AIM OF THE EXERCISE:
Once you find the line with "7614 W 63rd Place" in the data below, transcribe exactly each line from there to the line with "Geely Auto Emgrand", inclusive, and nothing else. Drop the pictures.

MATERIAL PROVIDED:
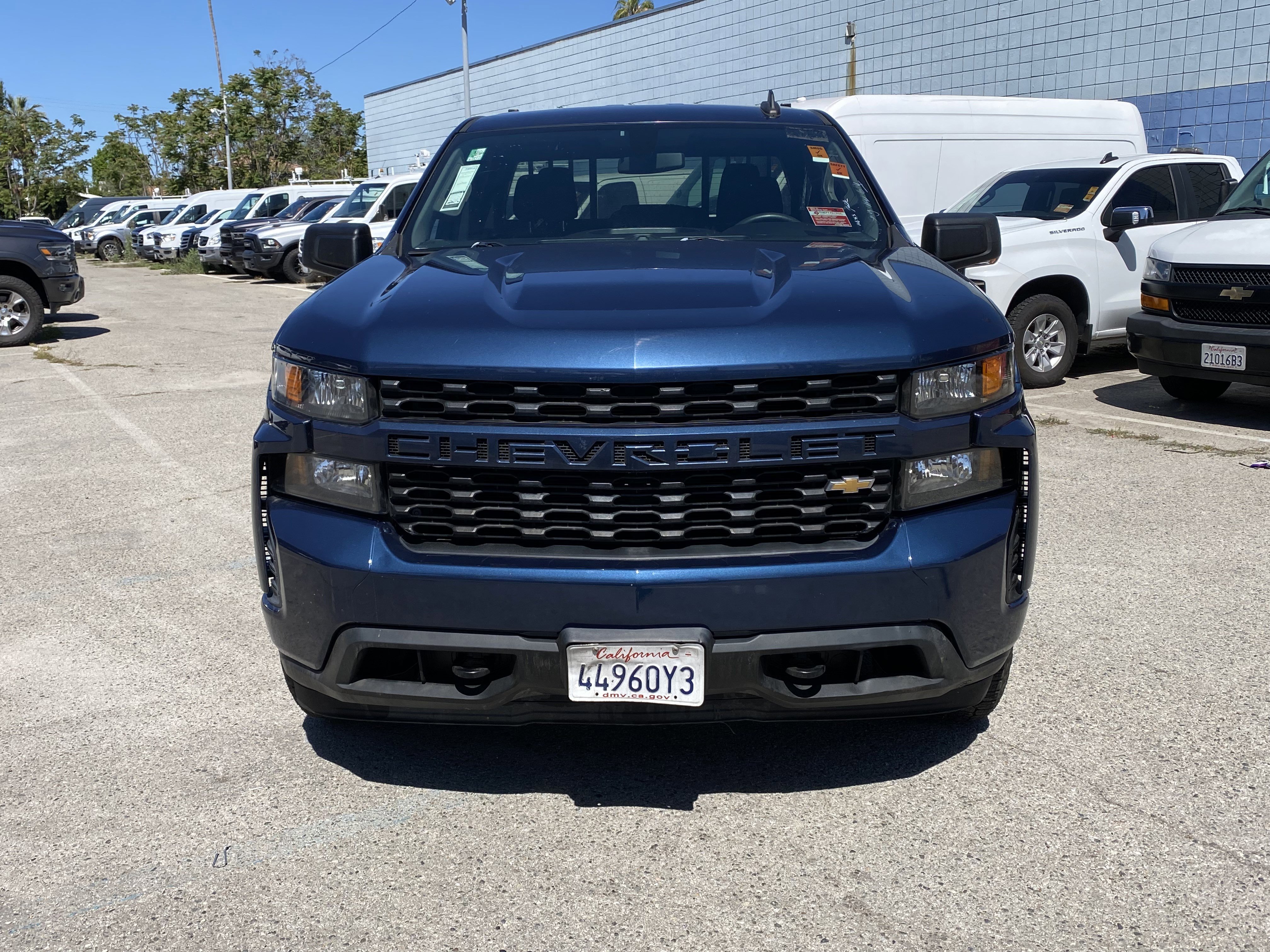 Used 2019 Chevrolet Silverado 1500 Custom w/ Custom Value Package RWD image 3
---
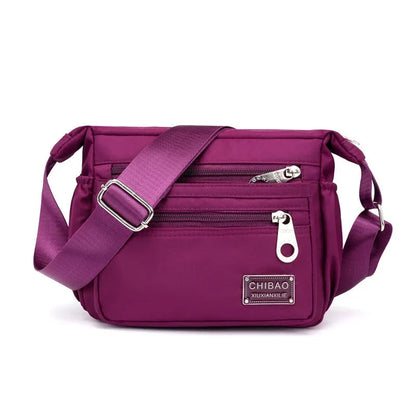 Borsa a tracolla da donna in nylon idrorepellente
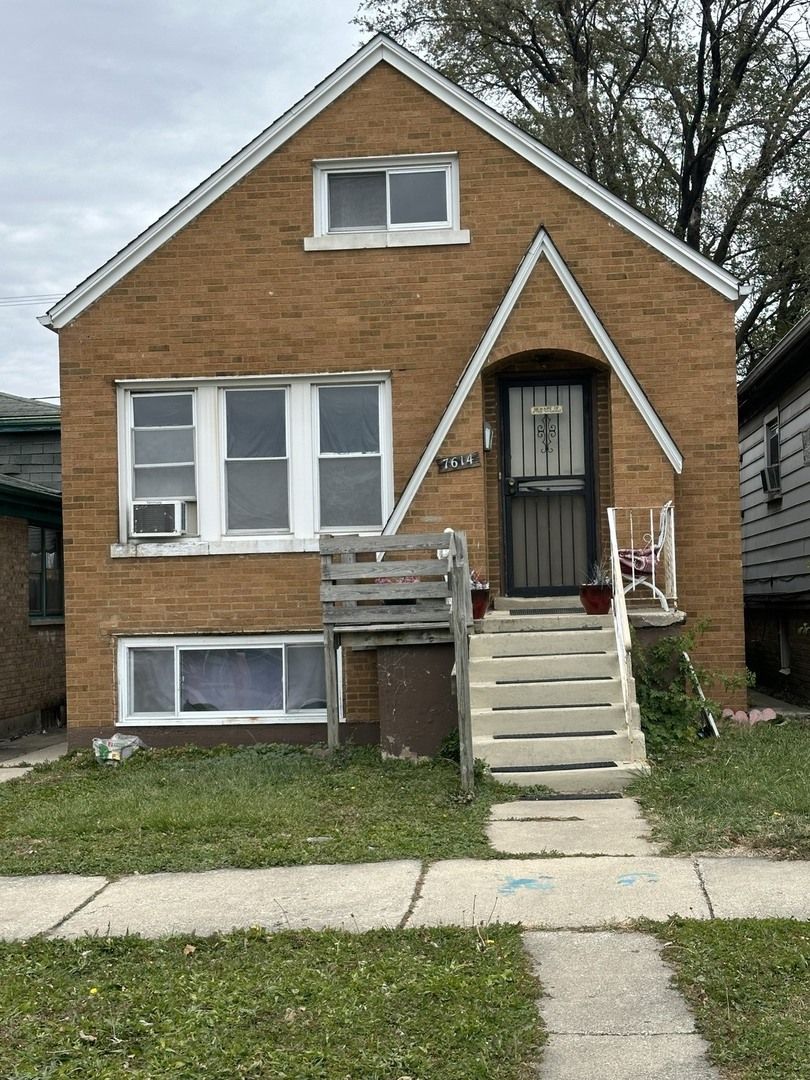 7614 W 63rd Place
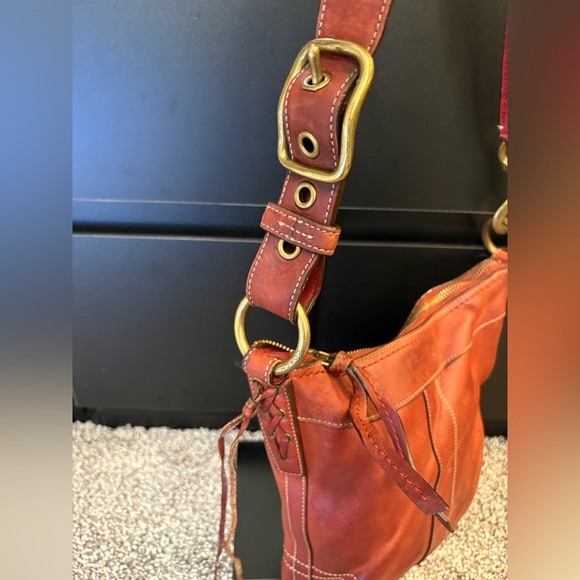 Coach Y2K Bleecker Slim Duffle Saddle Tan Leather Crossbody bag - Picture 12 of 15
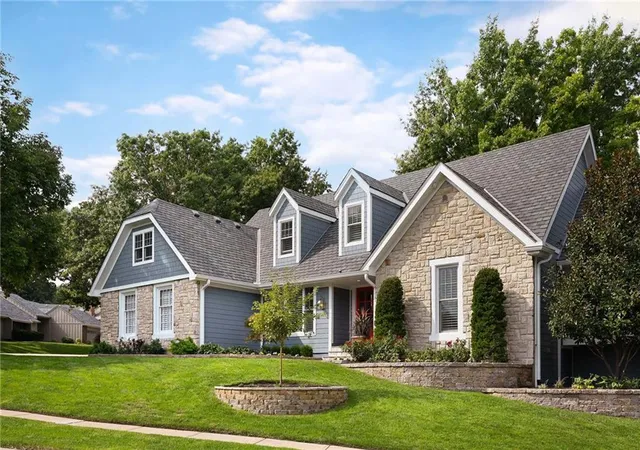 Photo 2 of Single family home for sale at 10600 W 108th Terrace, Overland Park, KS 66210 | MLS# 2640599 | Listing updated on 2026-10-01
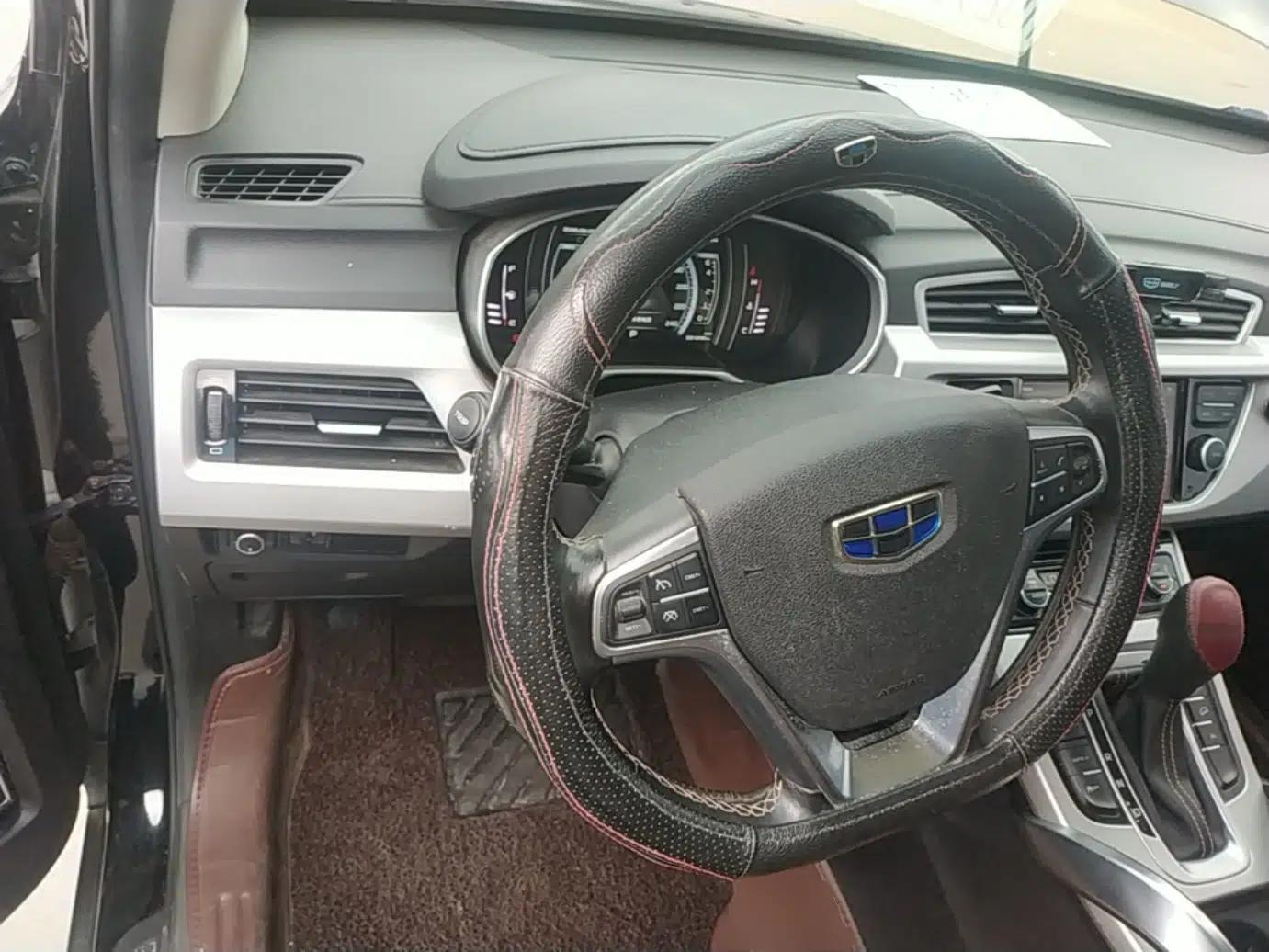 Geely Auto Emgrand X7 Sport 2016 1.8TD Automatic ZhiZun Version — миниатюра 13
* * *
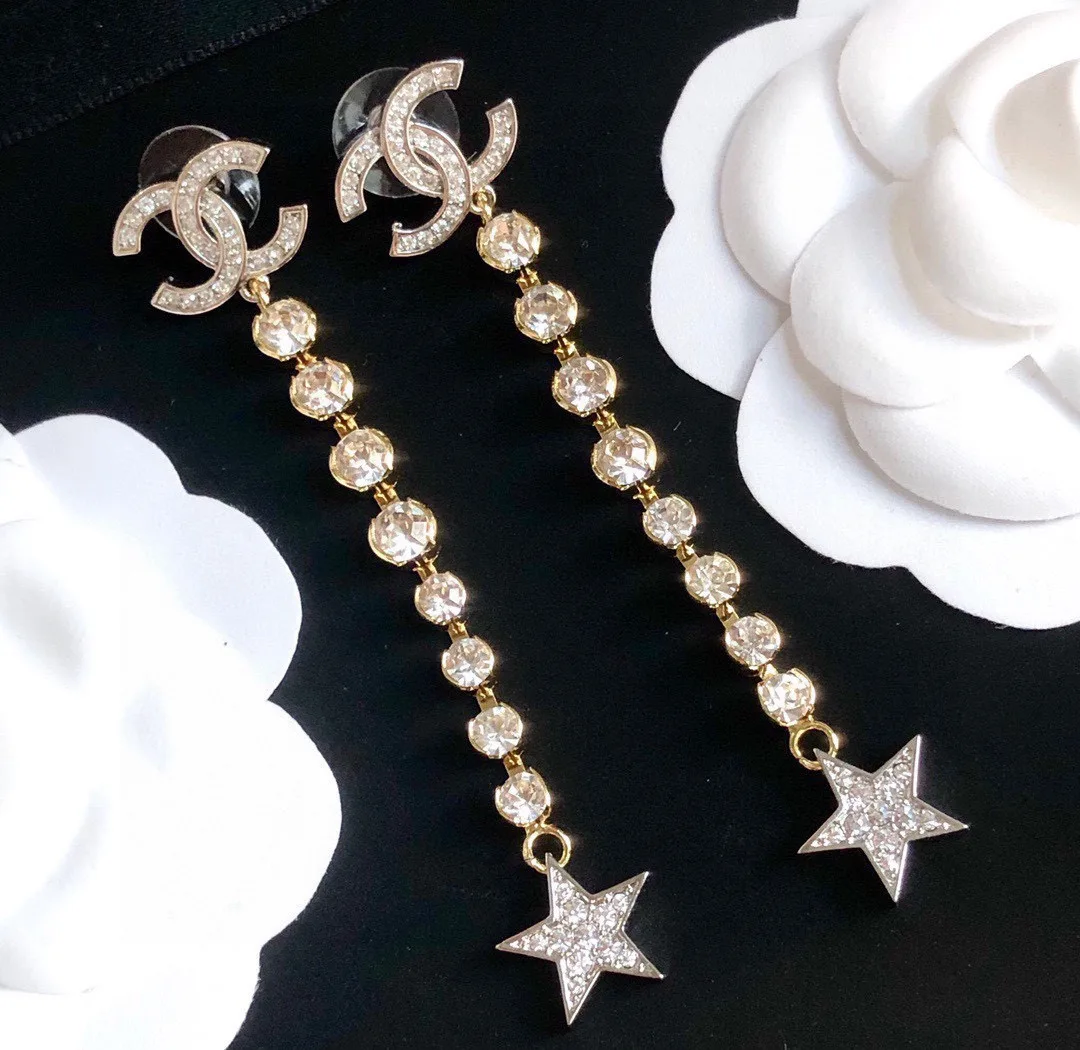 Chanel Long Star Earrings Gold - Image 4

SOLUTION TO THIS EXERCISE:
 7614 W 63rd Place
 Coach Y2K Bleecker Slim Duffle Saddle Tan Leather Crossbody bag - Picture 12 of 15
 Photo 2 of Single family home for sale at 10600 W 108th Terrace, Overland Park, KS 66210 | MLS# 2640599 | Listing updated on 2026-10-01
 Geely Auto Emgrand X7 Sport 2016 1.8TD Automatic ZhiZun Version — миниатюра 13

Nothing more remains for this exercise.